Aristotle places him beside Tisias and Thrasymachus as the key movers in the history of rhetoric. Quoting the W. A. Pickard-Cambridge text: "For it may be that in everything, as the saying is 'the first start is the main part'... This is in fact what has happened in regard to rhetorical speeches and to practically all the other arts: for those who discovered the beginnings of them advanced them in all only a little way, whereas the celebrities of to-day are the heirs (so to speak) of a long succession of men who have advanced them bit by bit, and so have developed them to their present form, Tisias coming next after the first founders, then Thrasymachus after Tisias, and Theodorus next to him, while several people have made their several contributions to it: and therefore it is not to be wondered at that the art has attained considerable dimensions." The later Peripatetic school seems not to have been so kind. Dionysius of Halicarnassus, writing of the school in his era, 30 BCE, states that "It is important that they should not assume that all the principles of rhetoric are covered in Peripatetic philosophy, and that nothing significant has been discovered by Theodorus, Thrasymachus, Antiphon and their associates..." Some commentators conclude from the passage that Theodorus is linked significantly with Antiphon and Thrasymachus.

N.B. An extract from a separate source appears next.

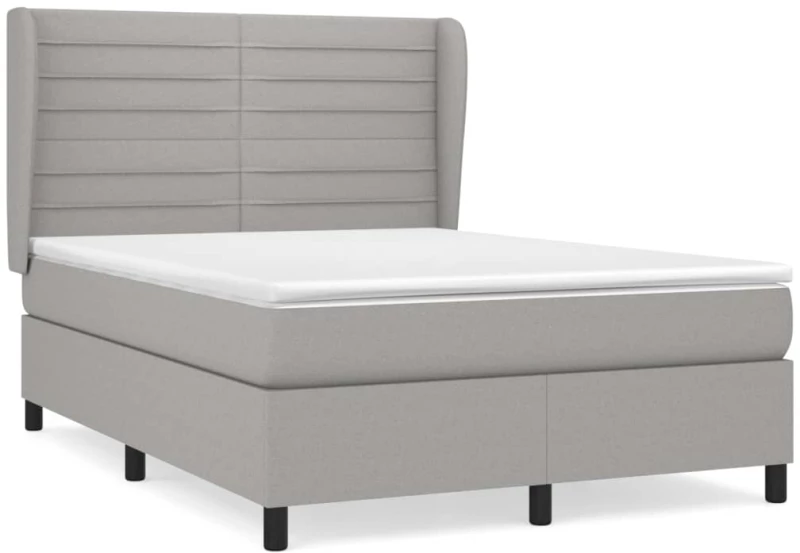 ΚΡΕΒΑΤΙ BOXSPRING ΜΕ ΣΤΡΩΜΑ ΑΝΟΙΧΤΟ ΓΚΡΙ 140X200 ΕΚ. ΥΦΑΣΜΑΤΙΝΟ 3128045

Elsewhere, Dionysius speaks of him as antiquated, careless and superficial. Cicero describes him as excelling rather in the theory than the practice of his art.

The Byzantine Suda quotes the Phaedrus again in referencing Theodorus, with the translation giving the curious variation of "Daedalus of words." The Suda provides a brief listing of his works, declaring him the author of Against Thrasybulus, and Against Andocides, and other unspecified works.